INFORMATION SHOWN =
◇ ◇ ◇ ◇ ◇
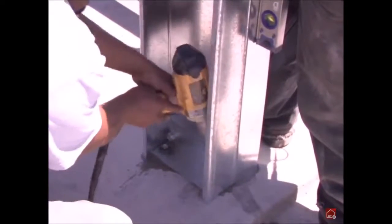Once the wedge anchor bolts are secure, ensure the column is plumb and tighten the column anchor bracket bolts until the individual pieces of steel are brought snug together. Now, let's take a look at the standard.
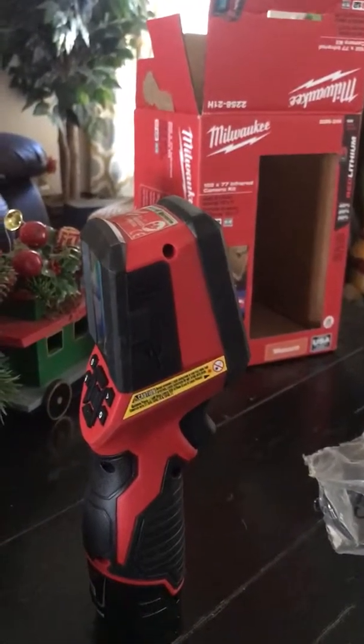This is a Milwaukee, model number 2258-21H. It doesn't come with the case unless you want to pay that extra hundred dollars, but it's $399. You can get it at Home Depot or Amazon, whichever you prefer. Alright guys, hope you enjoyed the video.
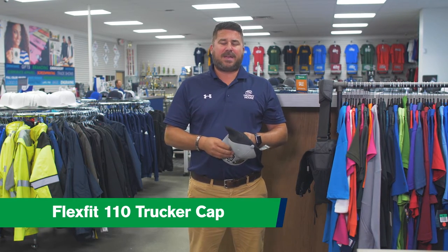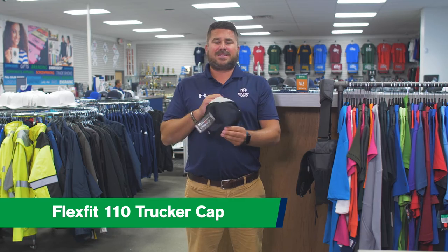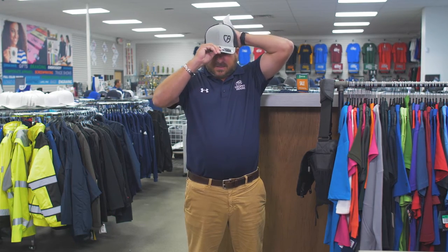Hi, my name is Chad with Trophy House. Today I'm showing you the 110 trucker cap made by Cap America. It's a mid-profile snapback. Comes in seven different colorways. Mostly popular are navy, blacks, and grays.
◇ ◇ ◇ ◇ ◇
ACTIVITY = Transcribe all of the lines above exactly as given. The pictures stay out.

RESPONSE BELOW =
Once the wedge anchor bolts are secure, ensure the column is plumb and tighten the column anchor bracket bolts until the individual pieces of steel are brought snug together. Now, let's take a look at the standard.
This is a Milwaukee, model number 2258-21H. It doesn't come with the case unless you want to pay that extra hundred dollars, but it's $399. You can get it at Home Depot or Amazon, whichever you prefer. Alright guys, hope you enjoyed the video.
Hi, my name is Chad with Trophy House. Today I'm showing you the 110 trucker cap made by Cap America. It's a mid-profile snapback. Comes in seven different colorways. Mostly popular are navy, blacks, and grays.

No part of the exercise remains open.